Gordon Peters
Wednesday, 17 November 2010 19:37
IT Industry -
Market
The continuing need for bandwidth is expected to drive global sales of optical networking (ON) equipment, with an upbeat long-term forecast predicting the ON market will reach $20 billion by 2015 with a five percent CAGR.
In a research report released today, independent analyst firm, Ovum, says that, based on the research, EMEA's results are expected to turn positive in 2011, while North America and Asia-Pacific will be enough to start the global turnaround in 2010, which will gain momentum in 2011 as EMEA transitions to positive growth.
According to Ovum principal analyst, Ian Redpath, Asia-Pacific is now the number one region for ON sales, 'driven by a mobilizing China.'
Ovum reports that the top six vendors generating highest sales in the APAC region are Huawei at number one, with a market share of 43%, ZTE with 16%, Alcatel-Lucent with 9%, NEC with 7% and FiberHome and ECI with 4% each.
'The big driver in the region continues to be China.

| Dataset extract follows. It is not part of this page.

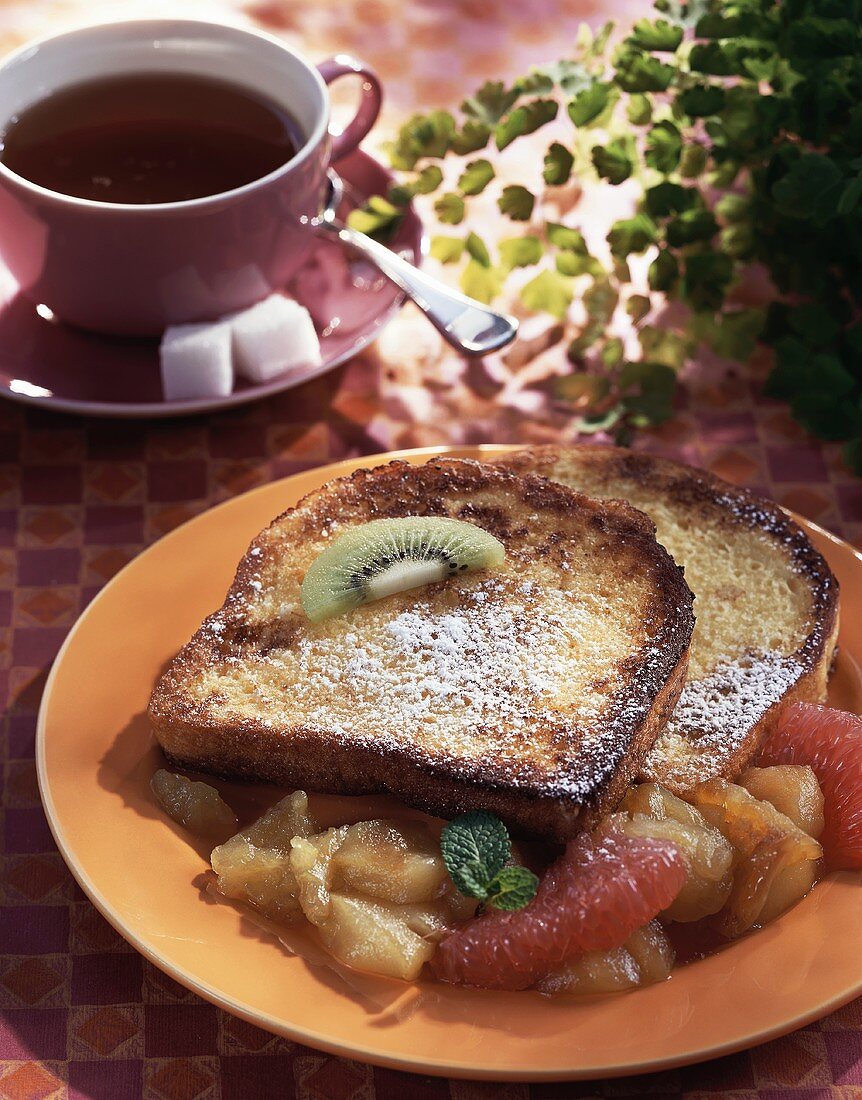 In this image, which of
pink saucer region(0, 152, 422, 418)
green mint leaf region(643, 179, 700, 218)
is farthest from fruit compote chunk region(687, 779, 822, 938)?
green mint leaf region(643, 179, 700, 218)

Japan has completely flattened out and has been overtaken by India. In China, the mobile market is the major investment driver both for cell tower connectivity and the backbone core. Ovum expects this trend to continue for the foreseeable future,' Redpath says.

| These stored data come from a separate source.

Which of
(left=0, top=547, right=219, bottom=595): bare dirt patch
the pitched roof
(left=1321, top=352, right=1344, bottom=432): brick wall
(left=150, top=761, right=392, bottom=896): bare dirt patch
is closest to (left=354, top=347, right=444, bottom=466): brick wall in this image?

However, Ovum asks the question: Can mobile networks alone continue to support the huge ON growth rates we have seen recently? And, Ovum's view is that a second application wave will be needed to support high ON growth rates in the future.
To back up this prediction, Redpath says that the second application wave for China could be enterprise Ethernet services. 'China has a modest level of enterprise Ethernet penetration so far. Global corporations that have operations in China desire high-speed Ethernet connections. To accommodate them, global carriers are adding more mainland China gateway cities to their networks. China Telecom is currently evaluating a carrier Ethernet transport solution for its next-generation network upgrade. Enterprise Ethernet is poised to add to the bandwidth requirements of the optical network core within China', Redpath adds.

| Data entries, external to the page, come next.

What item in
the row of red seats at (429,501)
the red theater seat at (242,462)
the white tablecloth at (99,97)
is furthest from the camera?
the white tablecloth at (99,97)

According to Redpath, Japan is overdue for a network refresh, and he says ON funding has been subsisting at 2003 levels, and the capex squeeze can only continue for so long before the bandwidth fundamentals necessitate a fresh round of network upgrading.
Ovum reports that while Japan has stagnated, India has grown, overtaking Japan for the number two spot within Asia-Pacific. The firm also finds that the Indian ON market has outside-in drivers from global corporations that want to do more business in India and require high-speed telecom service connections. It says that the global carriers are responding with expanded PoPs in India and capacity into and out of India, while domestic players BSNL, Tata, and Reliance Globalcom are also growing their internal and global profiles.